**PROVIDED DATA:**
[Start of Attachment]
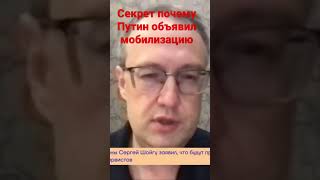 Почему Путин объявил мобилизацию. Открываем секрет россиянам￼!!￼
[End of Attachment]
[Start of Attachment]
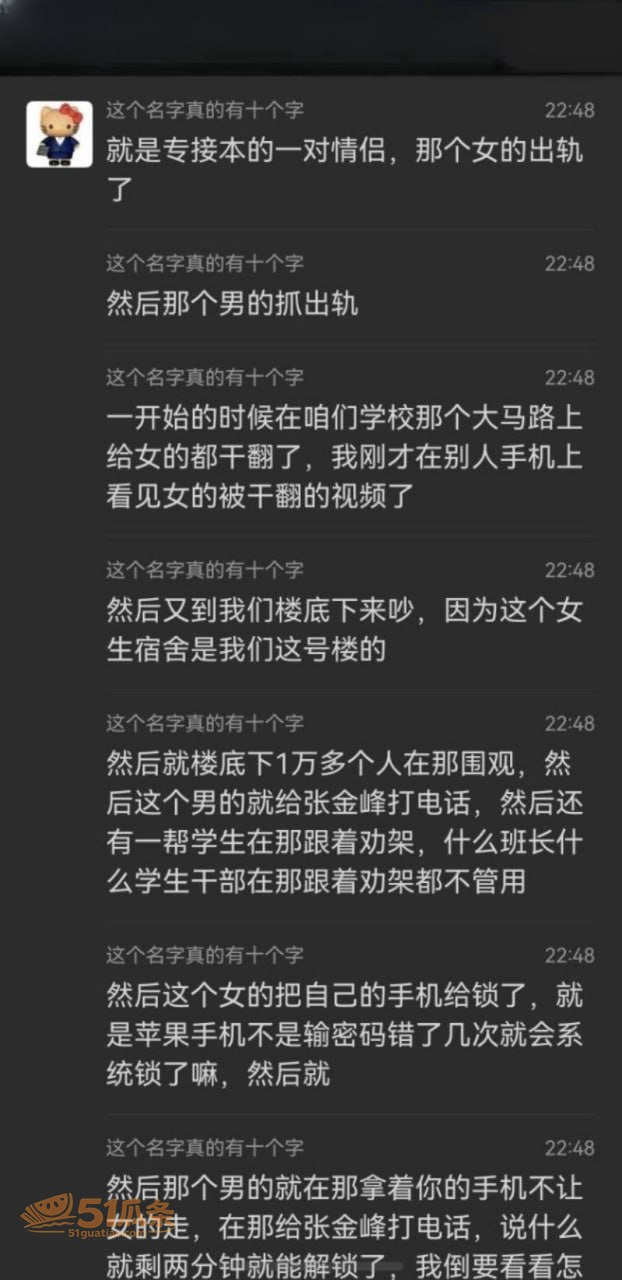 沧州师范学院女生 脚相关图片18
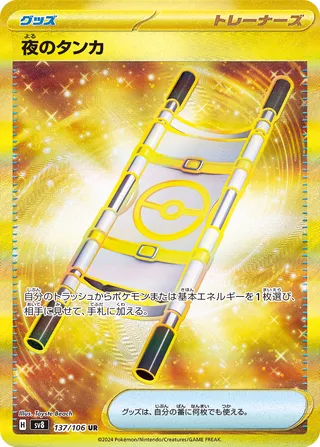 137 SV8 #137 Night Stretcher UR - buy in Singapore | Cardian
[End of Attachment]
**PROBLEM TO WORK ON:** In the entries above, which lines run from the one with "沧州师范学院女生 脚相关图片18" up to and including the one with "137 SV8 #137"? Write them out exactly, without the pictures.

**ANSWER SPACE:**
 沧州师范学院女生 脚相关图片18
 137 SV8 #137 Night Stretcher UR - buy in Singapore | Cardian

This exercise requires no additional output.